No company visits. Just a tour of Tiananmen Square, the Forbidden City and the Temple of Heaven. Tiananmen Sq is the largest of its kind in the world with over 400k sq feet of open space…well, controlled open space anyway. The square is fenced off and all visitors must flow through two gates located on opposite sides with security checkpoints (gov’t has some serious control issues). It is surrounded by imposing government buildings on 3 sides and the outermost wall of Forbidden City on the 4th. Still used today as a place where the people congregate for celebrations and to hear government officials address the country. Google it someday and read about its history. It is also the infamous site of a seemingly contemporary trend – a 1989 peaceful protest turned terribly violent as the army opened fire killing 100’s of its own citizens. Just don’t Google it here. The internet will pretend as though there’s been a “connection failure”. Impressive in its sheer size alone.

The Forbidden City. “A vast complex of halls, temples and housing, which make up the former residence of the ancient emperors…the Imperial palace is said to contain 9,999 rooms” (from our guide book). Some nice digs, dude. Close to 1,000 different buildings. Built in just 14 years in the early 1400’s by the Ming dynasty and then occupied by the Qing dynasty, this is where the emperor both lived and governed (in two separate buildings separated by enormous inner walls, of course). Our guide, Michael, takes us through the history and stories of life within these walls hundreds of years ago. A giant square within the walls for which to pay daily respect to the ruling emperor – a side for officials; a side for the army. Very strict rules. Should you, by chance, wake up a little groggy and end up on the wrong side, a sign of disrespect punishable by beheading (10 weeks of class in the same room and I still occasionally walk into the wrong door interrupting an ongoing lecture…wouldn’t have lasted 1 day in Imperial China). Michael then sheds some light on why there are so many damn rooms. Sure, the Emperor allowed his wife to live in his home…she just had to share the place with 3,000 other concubines (sex slaves) and they all needed a room to live in. He then pointed out that what with the concubines and rice wine (85% alcohol) and all, an emperor’s life span averaged just about 35 years. Wow, talk about hard to relate to…how long ago did you say this was? The Qing dynasty was finally kicked out in 1912? Holy crap, that’s just 100 years ago!!! An unending labyrinth of hallways, rooms and corridors each possessing their own story. Lots of pictures.

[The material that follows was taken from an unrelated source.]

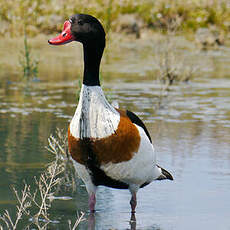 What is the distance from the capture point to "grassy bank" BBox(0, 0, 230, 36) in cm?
2414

In the afternoon, Emily and I took a self-guided tour of the Temple of Heaven. Located not far from T Square and the Forbidden City in the southeastern part of central Beijing, this equally impressive site was built as part of the same project in the early 1400’s by the Ming dynasty. For the most part, it’s a giant temple with a pair of halls on either side settled at the top of a hill with great views of the city. It served as a place for the “Son of Heaven” (as the emperors liked to think of themselves) to take care of earthly matters such as offering up sacrifices and praying to the gods for plentiful harvests. Again, really interesting stuff all around. Next day - transfer to Shanghai.